Гайдамака перепугался до бледности и холодного пота. В самом деле - что же это такое? Он надел видавшую виды велосипедную кепочку с широким козырьком, закинул на плечо свой знаменитый гоночный велосипед "Кольнаго" с дисковыми колесами, крикнул соседке с Люськой, чтоб присмотрели за квартирой, и пустился в велосипедное паломничество из Гуляй-града в Киево-Печерскую лавру к своему знакомому попу-летописцу отцу Павлу, и, приехав, стал осаждать преподобного отца преглупым вопросом: мол, хочу знать, какой национальности был Иисус Христос?

_____________________

1 Критериум - велогонка по уличным лабиринтам.

2 Очень плохо (польск.).

3 Римский форум (итал.).

4 Колизей (итал.).

5 Капитолий (итал.).

6 Собор и площадь Святого Петра (итал.)

ГЛАВА 5

ПРЕДИСЛОВИЕ

Если читатель не одобрит этот роман, я буду удивлен.

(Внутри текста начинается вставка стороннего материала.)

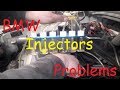 BMW X5 3.0 Diesel Injectors Problems / BMW Diesel Injector Leak Test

Если одобрит, я буду удивлен еще больше.

Ж. Лабрюйер

Автор, испытывая стойкую неприязнь к предисловиям (роман еще не прочитан, а его уже объясняют), послесловиям (роман уже прочитан, а его зачем-то объясняют), по чувствуя необходимость изложить свой взгляд на свой роман и тем самым предупредить недоумения, которые могут возникнуть у просвещенного читателя, решил приводить свои соображения там и так, где и как ему это будет удобно.